-- EXERCISE BRIEF --
The expected output is the data below, character for character, without its pictures.

-- AVAILABLE DATA --
:::::
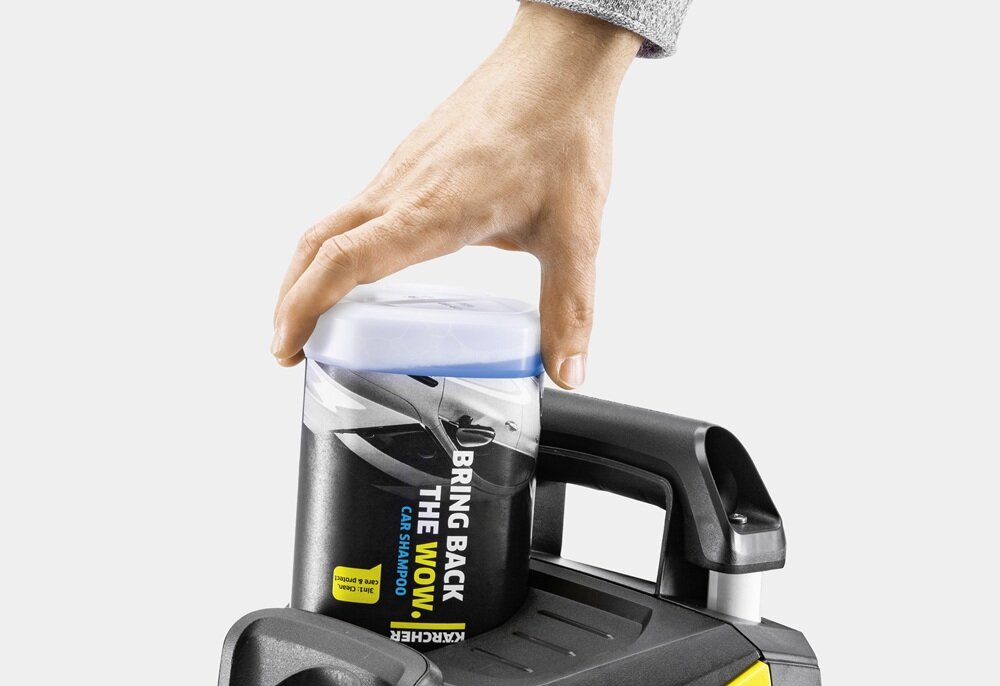 Ręka trzyma pojemnik z napisem \'BRING BACK THE WOW CAR SHAMPOO\' umieszczony na uchwycie urządzenia KARCHER. Widoczne jest logo KARCHER na pojemniku.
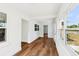 Sun room features wood-look floors, white walls, white trim, and lots of windows with natural light at 730 W Swoope Ave, Winter Park, FL 32789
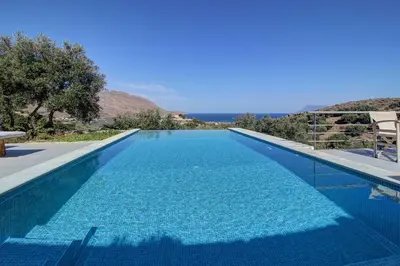 a blue swimming pool with a view of the ocean at Villa Simera, with pool & great view in Fournádhos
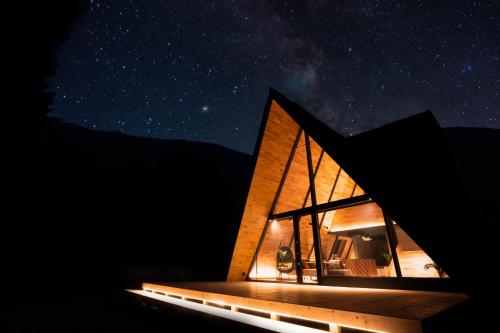 a glass house under the stars at night at A-frame箱根強羅 in Hakone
:::::
-- REPLY TO THE TASK --
 Ręka trzyma pojemnik z napisem \'BRING BACK THE WOW CAR SHAMPOO\' umieszczony na uchwycie urządzenia KARCHER. Widoczne jest logo KARCHER na pojemniku.
 Sun room features wood-look floors, white walls, white trim, and lots of windows with natural light at 730 W Swoope Ave, Winter Park, FL 32789
 a blue swimming pool with a view of the ocean at Villa Simera, with pool & great view in Fournádhos
 a glass house under the stars at night at A-frame箱根強羅 in Hakone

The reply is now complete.